昭和の風林史(昭和五十年四月三日掲載分)

将来を考える 十一月限から勝負

四、五月にパニックがあれば、そのあとは一瀉千里一万円棒上げも可能な手亡の相場である。

「朧夜や時時はねる池の鯉 素香」

手亡相場は将来、大相場を展開するという、線型判断から出た前提のもとに考えてみよう。

手亡は安いのだ―という断定した考え方がある片側には、将来、大相場が展開するという考え方は当然存在する。それが相場である。

いま最も簡単な判断材料は、ピービーンズの供用格差が虐待されていまの二千五百円格差が十一月限から四千円ということになれば、確かに九月限、十月限はピーの渡し切りを嫌気されて逆ザヤ低迷相場かもしれない。

しかし手亡の本年度作付け面積の大幅な減反という減少と異常な気象が重なればピービーンズ圧迫から解放された十一月限手亡はズンズン上昇するのだろう。

その時のピーの供用格差が四千円なのか四千五百円になるかは今のところまだ判らないし、ピービーンズの輸入価格が今より安くなっているか、高くなっているかも判らないが。

十一月限が登場するのは六月である。六月は二日新ポ。まだ遠い先のことのように思える。

相場過程から予想すると六月の新ポに十一月限が建つまでに今の取り組みが総投げになる大安値、それこそ七、八月限の一万円台(ここからの二千円安)が出て市場荒涼、まったくの大粛正相場が展開されようと予測するのが売り方であろうが、仮りにそのようなパニックがあれば、いよいよ、その先は一瀉千里の一万円棒立ち相場さえ可能な相場になろう。

売り型が考えているここからのパニック的崩れが四月、五月に展開されたとすれば、これは買い方投機家不運だったと言わねばなるまい。

相場する以上、投機家の常として、好運、不運どちらかのカードを引かねばならない。

いまのところ手亡は底が入ったと見る。
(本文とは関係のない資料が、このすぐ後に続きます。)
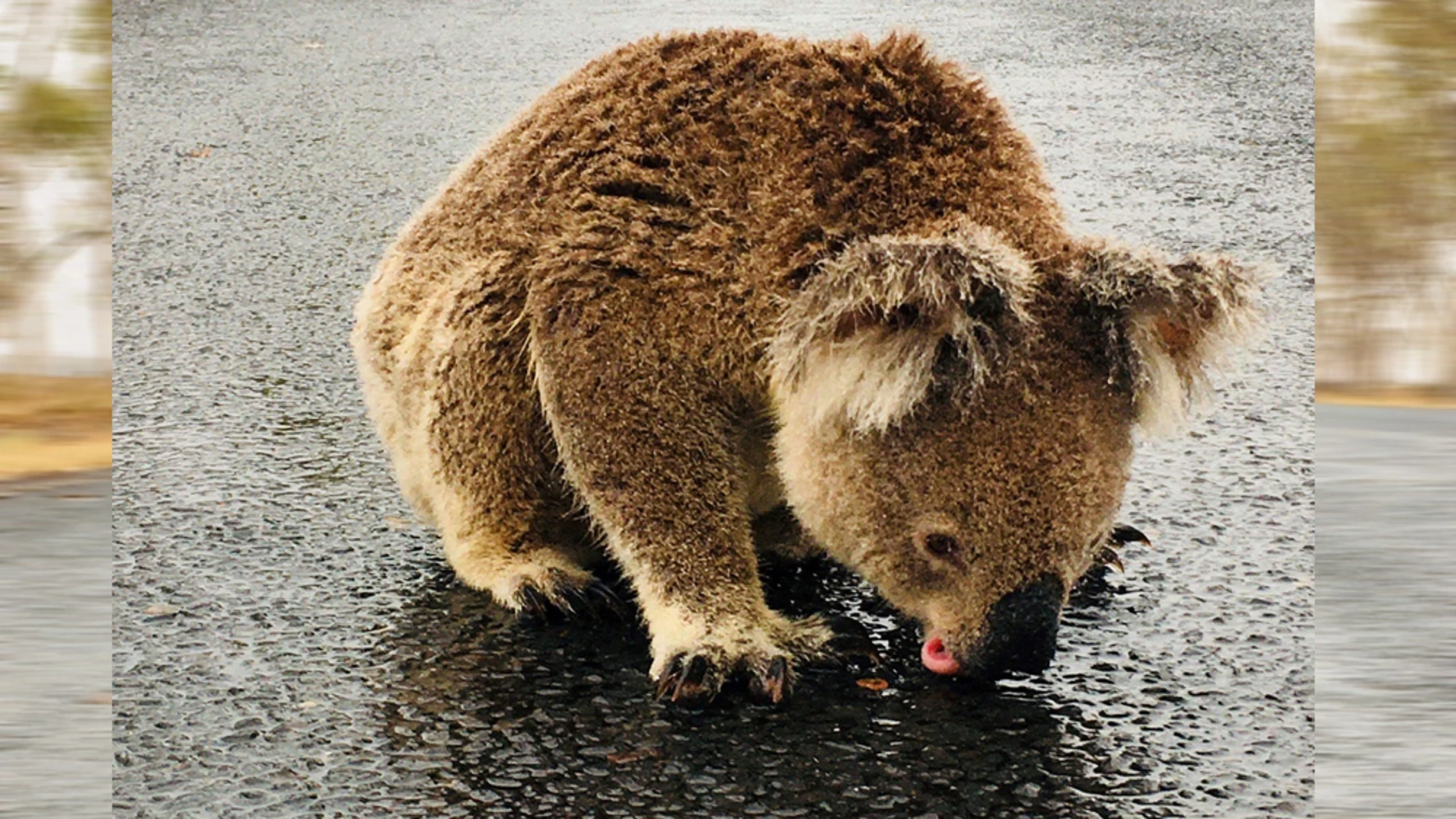 Imagen de un koala bebiendo agua en una carretera en Australia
そして市場の人気(クロウト筋)は総弱気で、しかも下げの日柄が充分過ぎる経過を見てきている。

具体的に買っていく材料は見当たらないが、なんらかの突発的巨大材料の出現なしとしないのが相場の世界だ。投機家は常にリスクを負担しているものである。その事を自覚しておれば手亡の安値は買えよう。

●編集部註
 逆張りの発想である。 鶏口牛後でちょうちんはつけないスタンス。

 そういえば、この年のこの頃に日本ではマツモトキヨシが株式会社になり、米国ではマイクロソフトが設立されている。